I guess the same could be said for you...I don't divide people who are legal citizens here...I don't believe it should be christian american, muslim americans, african american, irish american...and the list goes on....people divide themselves on their own without the help of others....I am an American...I don't divide myself with religious or racial explanations. No one needs to know I am a sweedish indian french canadian irish heterosexual christian female american....try putting that on a census form.


----------



## Shari (Jul 20, 2010)

I think.. no religion should put any building up near the site. No race is better than the other, same with religion. I don't care what color or what ever a person is.

What should happen is a Non denomination, no race Monument should be put up by a neutral party.


----------



## Pepipony (Jul 20, 2010)

When calling upon the founding fathers, one needs to remember that Thomas Jefferson, the one who wrote the Declaration of Independence, thought that the idea of a Christian faith was rather absurd.

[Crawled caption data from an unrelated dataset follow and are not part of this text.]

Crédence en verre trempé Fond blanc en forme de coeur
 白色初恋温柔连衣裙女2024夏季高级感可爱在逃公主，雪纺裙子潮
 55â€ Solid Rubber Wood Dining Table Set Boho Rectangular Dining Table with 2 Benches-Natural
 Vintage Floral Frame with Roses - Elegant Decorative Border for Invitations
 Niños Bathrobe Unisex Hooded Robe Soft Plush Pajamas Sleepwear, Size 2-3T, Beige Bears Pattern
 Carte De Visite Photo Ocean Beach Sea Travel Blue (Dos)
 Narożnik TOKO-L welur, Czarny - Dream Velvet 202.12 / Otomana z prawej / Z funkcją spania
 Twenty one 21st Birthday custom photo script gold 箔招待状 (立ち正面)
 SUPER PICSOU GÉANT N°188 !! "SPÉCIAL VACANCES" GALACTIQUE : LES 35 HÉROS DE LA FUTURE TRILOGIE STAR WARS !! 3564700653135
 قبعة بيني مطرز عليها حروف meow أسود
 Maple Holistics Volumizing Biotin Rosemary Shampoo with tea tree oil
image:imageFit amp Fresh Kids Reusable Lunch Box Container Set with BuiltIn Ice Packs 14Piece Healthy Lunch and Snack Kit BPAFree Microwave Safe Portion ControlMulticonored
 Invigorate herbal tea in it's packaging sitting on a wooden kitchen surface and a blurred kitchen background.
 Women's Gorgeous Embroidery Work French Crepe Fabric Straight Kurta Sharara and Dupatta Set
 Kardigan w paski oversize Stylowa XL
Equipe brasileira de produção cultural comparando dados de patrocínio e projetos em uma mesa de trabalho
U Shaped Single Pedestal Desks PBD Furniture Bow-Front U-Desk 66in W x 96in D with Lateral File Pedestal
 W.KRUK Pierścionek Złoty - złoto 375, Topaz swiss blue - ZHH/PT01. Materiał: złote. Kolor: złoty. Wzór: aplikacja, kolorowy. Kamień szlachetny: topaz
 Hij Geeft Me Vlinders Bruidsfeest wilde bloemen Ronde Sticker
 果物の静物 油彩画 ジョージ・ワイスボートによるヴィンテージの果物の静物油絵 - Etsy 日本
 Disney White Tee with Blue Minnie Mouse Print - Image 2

I do have a question about religion then. Since people are stating that terrorist funds will go to this building, without proof at that, then I guess those who give $$ to Catholic churches are condoning child molestation? Just a thought. ( and NO, I dont think that, I am just using that line of thinking on another religion)

When you hold an entire religion or peoples responsible for some loonies doings, you create a self fullfilling prophecy. You MAKE that which you are trying to avoid.


----------



## miniwhinny (Jul 20, 2010)

Sonya said:


> We were technically founded 'One nation under GOD'


It's interesting that the pledge of allegiance was not written until 1892 but the words "under god" weren't added until 1954.

Pepipony is also quite correct in pointing out that the founding fathers were far from christian.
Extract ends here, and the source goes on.